Deep Knowledge Tracing (DKT and variants)
DKT arrived around 2014, bringing LSTM recurrent networks into the mix. Where BKT represents skill mastery as a single scalar probability, DKT represents a learner’s knowledge as a dense hidden state vector, trained on their entire interaction history across all skills simultaneously. The model surfaces rich, latent representations. For example, it can deduce that struggling with question 12 strongly predicts failing question 19 because both tap into a hidden conceptual relationship discovered within the data.
Toolkits like PyKT and EduKTM are the dominant open-source options for this family. Both implement DKT and its successors like DKVMN or AKT, and they expect ordered learner interaction sequences containing skill labels and correctness indicators.
The performance appeal is undeniable: DKT consistently outperforms BKT on next-answer prediction, especially for users with extensive interaction histories, capturing subtle patterns that scalar variables miss entirely. The downside is that it is a complete black box. You can query the model’s prediction on whether a student will get the next question right, but you cannot easily ask it why. That is a major hurdle in an educational product where teachers need actionable reasoning, not just a blind number to trust.
Building the Idhesive Pipeline
This brings us to how we actually implement this architecture at Idhesive. Our pipeline starts with canonical events: every single question attempt is logged with its correctness, skill mapping, response timing, and exact sequence position. These events stream through Redpanda to Python workers, where each running knowledge-tracing model operates as an independent consumer group maintaining its own state.
The workers continuously update per-learner skill mastery and append time-series snapshots to a dedicated analytics state database. When our AI quiz planner spins up, it consumes a structured context object containing these exact metrics: mastery probability, confidence intervals, trend direction, and recommended question constraints per skill.
What makes this system highly tractable is keeping the queue architecture clean. Each knowledge-tracing worker is stateless and idempotent; it simply reads canonical events and writes state updates. This makes data replay incredibly straightforward. If we deploy a new model version, it can consume the historical event archive and generate a fresh state without disrupting the live production environment. The workers do not need to know about each other, meaning adding a new model to the pipeline is as simple as spinning up a new consumer group.

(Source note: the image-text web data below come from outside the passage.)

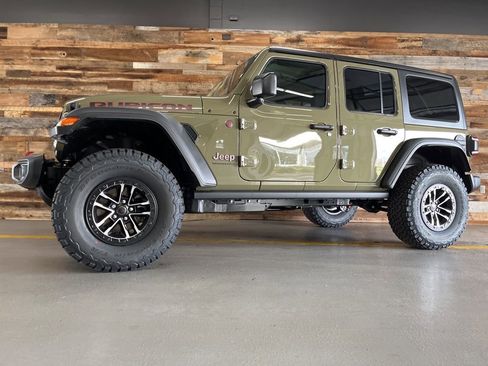 New 2026 Jeep Wrangler Unlimited Rubicon w/ Xtreme 35 Tire Package AWD/4WD image 52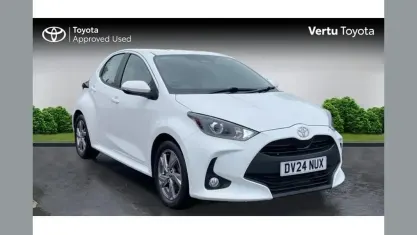Used Toyota Yaris 116 HP (85 kW) 2024 White Hatchback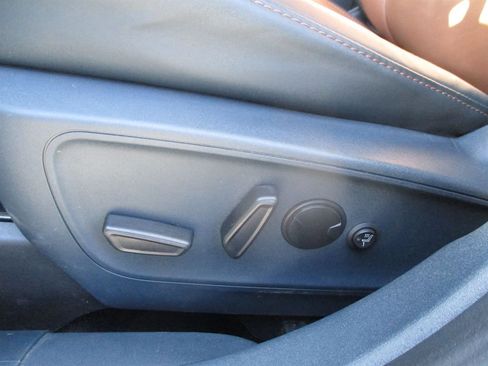 Used 2023 Ford Maverick Lariat w/ Equipment Group 500A Standard image 17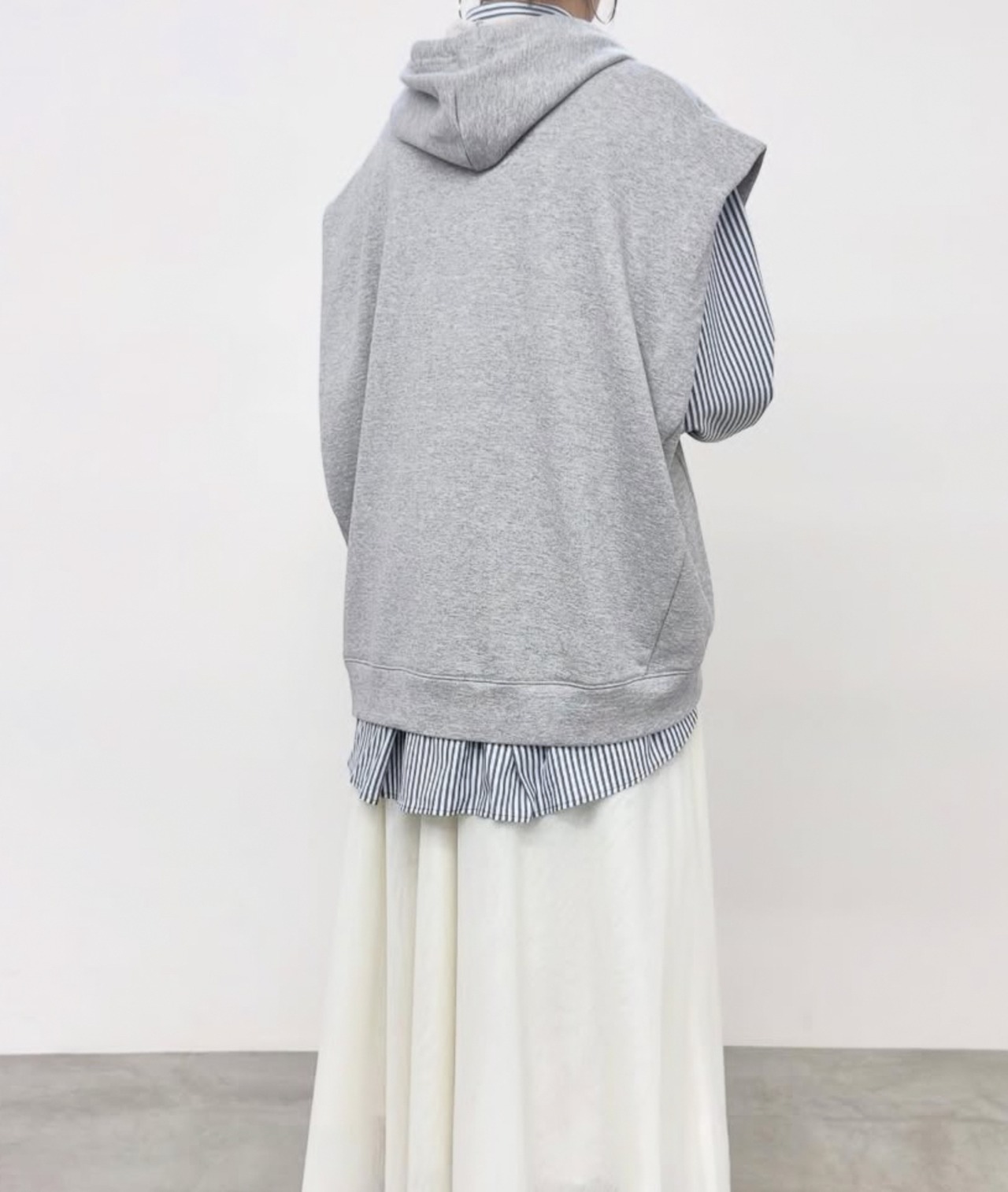 NUS ワンポイントフーディベスト 610-35010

Ultimately, the quality of our predictions depends entirely on the fidelity of our data. We capture rich metadata on every attempt—moving beyond binary right-or-wrong metrics to log the normalized response, precise timing, attempt index, and the exact question-to-skill mappings via a structured Q-matrix. The richer the sequence, the better the models perform. This is why a rigid canonical event schema and a durable outbox pattern for reliable replay matter just as much as the actual model choice; low-quality event data limits even the smartest algorithms.